## REQUIRED WORK
Each line below with the word "wooden" needs to be copied.

## ENTRIES SUPPLIED
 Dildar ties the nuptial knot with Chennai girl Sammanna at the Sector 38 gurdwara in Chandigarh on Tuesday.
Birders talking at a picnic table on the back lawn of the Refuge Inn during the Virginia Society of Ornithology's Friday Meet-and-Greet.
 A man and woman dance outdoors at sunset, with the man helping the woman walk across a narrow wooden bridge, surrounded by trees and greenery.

==

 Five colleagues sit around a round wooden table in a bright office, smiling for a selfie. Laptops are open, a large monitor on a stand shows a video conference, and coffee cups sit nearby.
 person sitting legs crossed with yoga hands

* * *

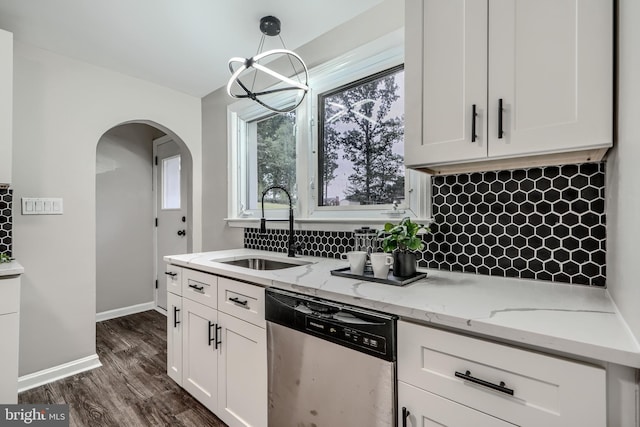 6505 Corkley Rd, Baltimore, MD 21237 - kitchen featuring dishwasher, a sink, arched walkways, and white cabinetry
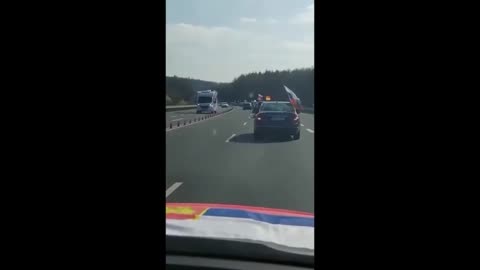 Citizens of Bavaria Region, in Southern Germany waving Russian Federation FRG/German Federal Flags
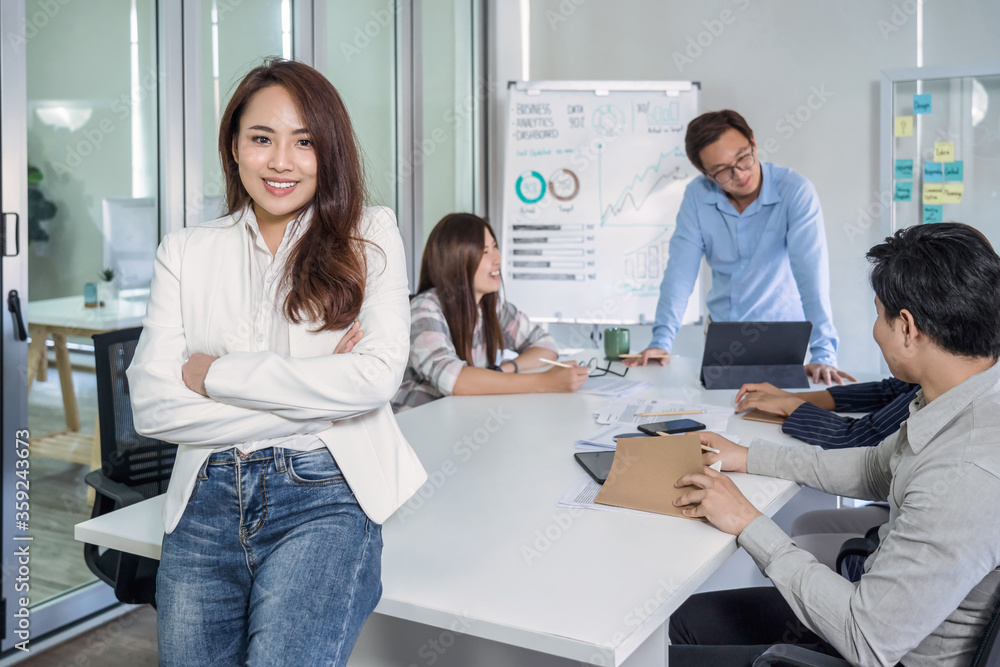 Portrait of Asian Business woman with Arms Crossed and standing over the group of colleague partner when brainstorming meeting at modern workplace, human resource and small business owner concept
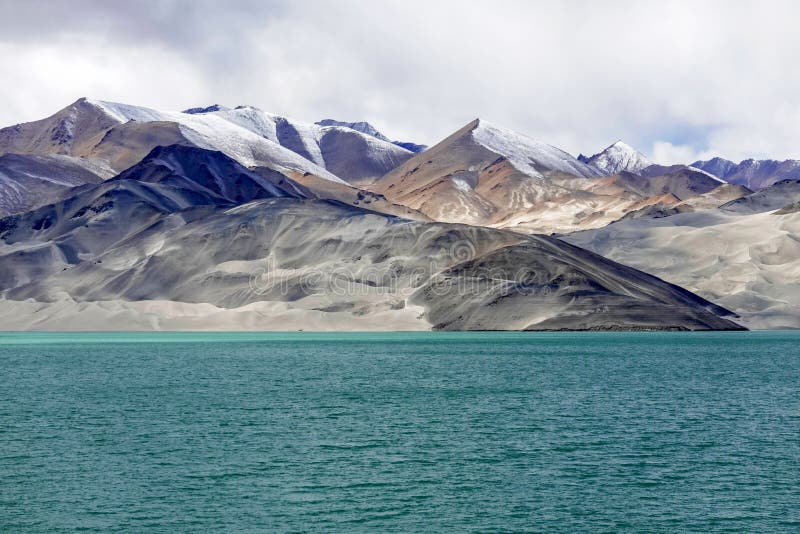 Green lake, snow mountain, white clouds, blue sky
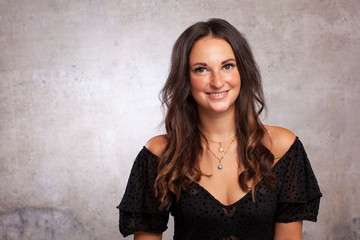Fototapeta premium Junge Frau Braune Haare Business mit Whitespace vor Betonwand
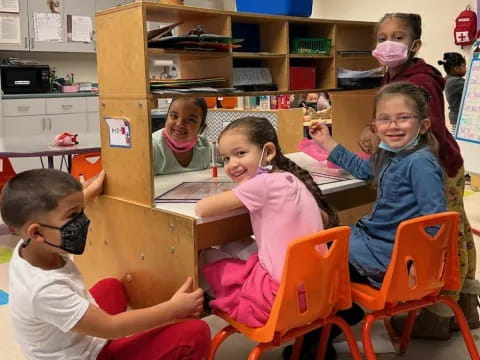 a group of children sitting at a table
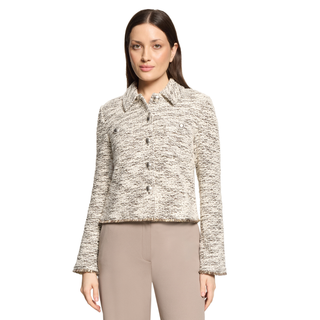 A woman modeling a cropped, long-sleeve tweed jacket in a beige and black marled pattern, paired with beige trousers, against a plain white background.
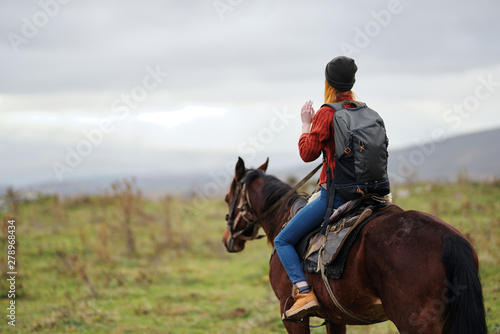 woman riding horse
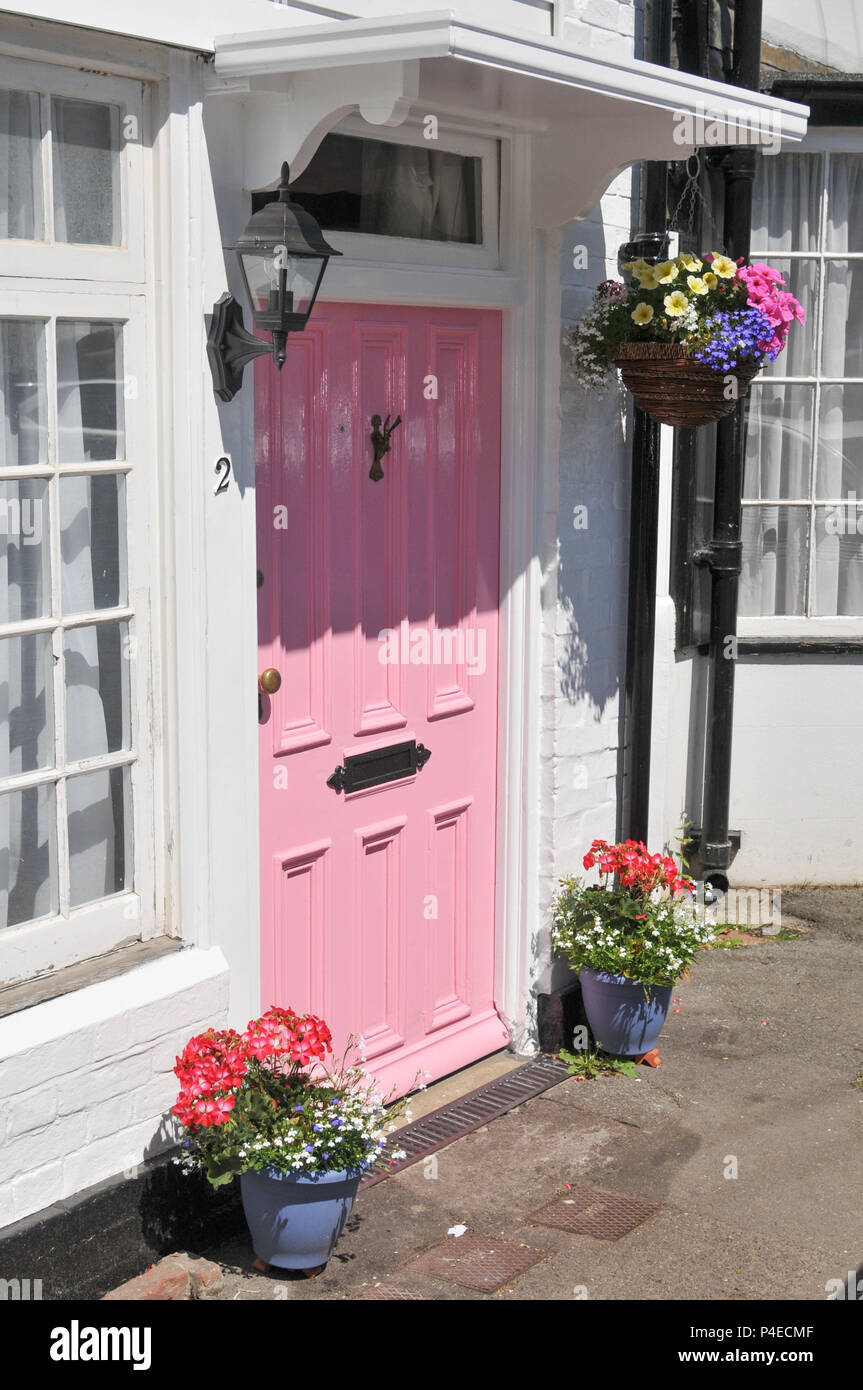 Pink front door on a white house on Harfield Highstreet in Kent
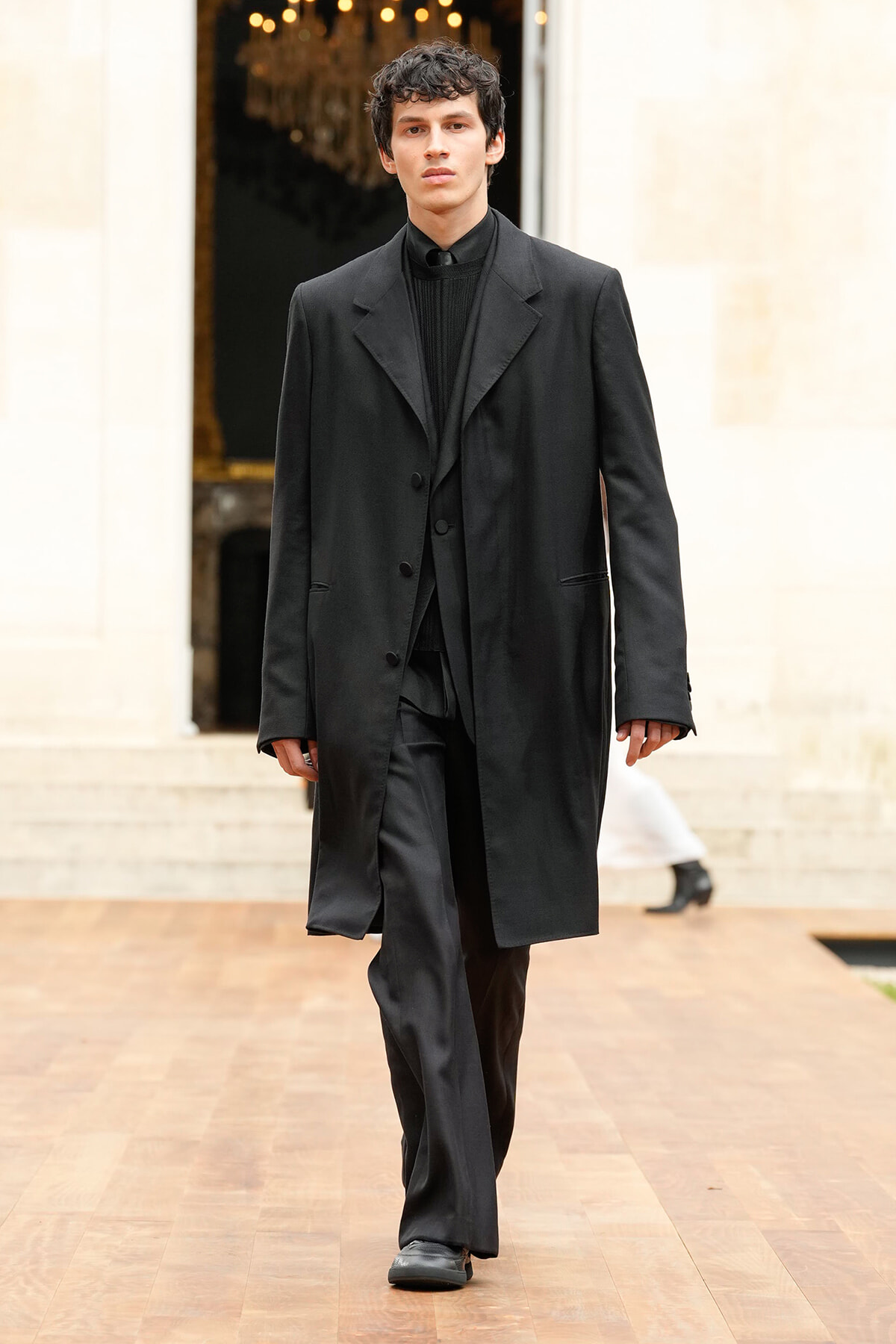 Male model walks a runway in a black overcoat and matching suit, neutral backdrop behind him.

## OUTPUT FOR THIS EXERCISE
 A man and woman dance outdoors at sunset, with the man helping the woman walk across a narrow wooden bridge, surrounded by trees and greenery.
 Five colleagues sit around a round wooden table in a bright office, smiling for a selfie. Laptops are open, a large monitor on a stand shows a video conference, and coffee cups sit nearby.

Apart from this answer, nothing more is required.